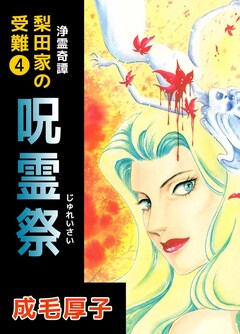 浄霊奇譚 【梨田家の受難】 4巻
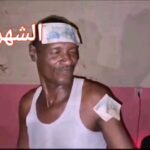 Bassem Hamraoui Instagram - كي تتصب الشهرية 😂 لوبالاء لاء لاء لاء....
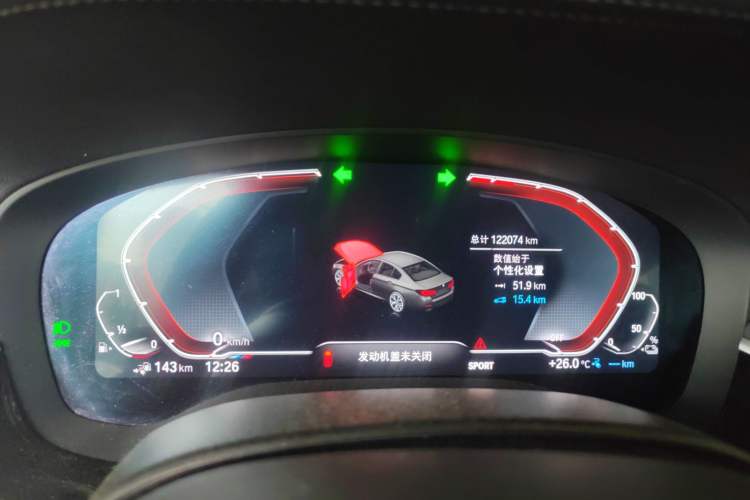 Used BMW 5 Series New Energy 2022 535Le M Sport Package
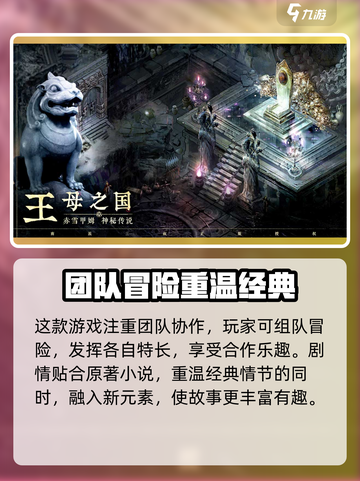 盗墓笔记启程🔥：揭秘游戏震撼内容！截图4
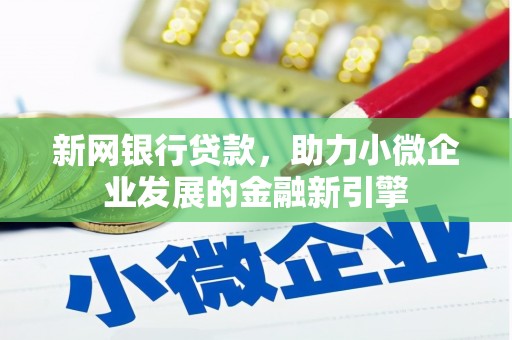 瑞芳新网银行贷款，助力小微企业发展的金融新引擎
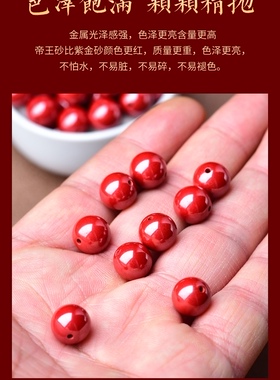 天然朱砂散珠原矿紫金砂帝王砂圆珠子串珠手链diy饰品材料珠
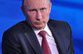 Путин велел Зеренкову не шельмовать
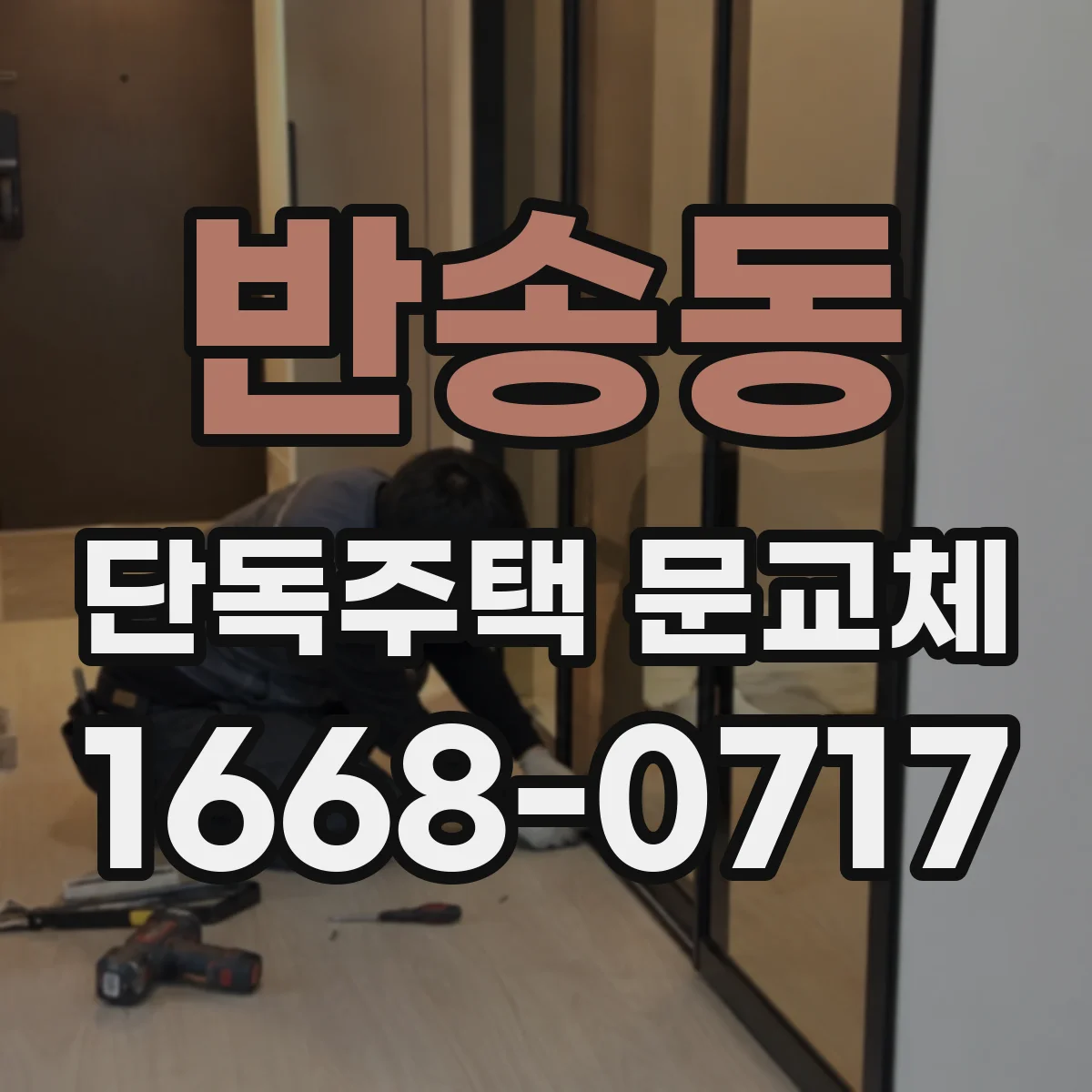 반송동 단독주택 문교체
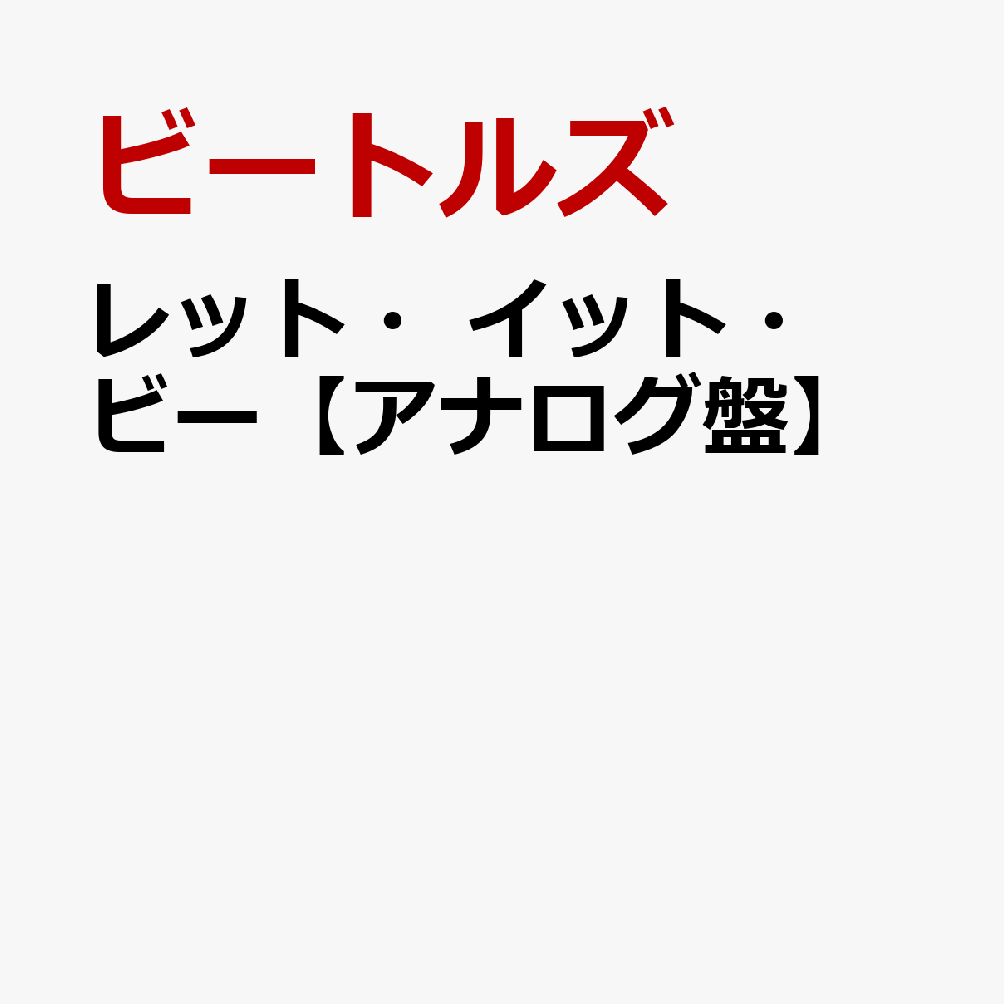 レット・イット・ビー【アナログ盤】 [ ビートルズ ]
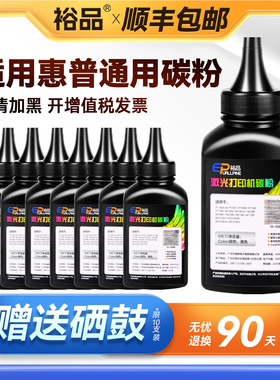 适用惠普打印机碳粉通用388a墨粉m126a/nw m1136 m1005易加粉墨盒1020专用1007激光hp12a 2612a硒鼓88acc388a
──────────────────────────────
→ **TASK DETAILS**: Reproduce the listing above exactly, without a single picture.

→ **FINISHED TASK**:
 浄霊奇譚 【梨田家の受難】 4巻
 Bassem Hamraoui Instagram - كي تتصب الشهرية 😂 لوبالاء لاء لاء لاء....
 Used BMW 5 Series New Energy 2022 535Le M Sport Package
 盗墓笔记启程🔥：揭秘游戏震撼内容！截图4
 瑞芳新网银行贷款，助力小微企业发展的金融新引擎
 天然朱砂散珠原矿紫金砂帝王砂圆珠子串珠手链diy饰品材料珠
 Путин велел Зеренкову не шельмовать
 반송동 단독주택 문교체
 レット・イット・ビー【アナログ盤】 [ ビートルズ ]
 适用惠普打印机碳粉通用388a墨粉m126a/nw m1136 m1005易加粉墨盒1020专用1007激光hp12a 2612a硒鼓88acc388a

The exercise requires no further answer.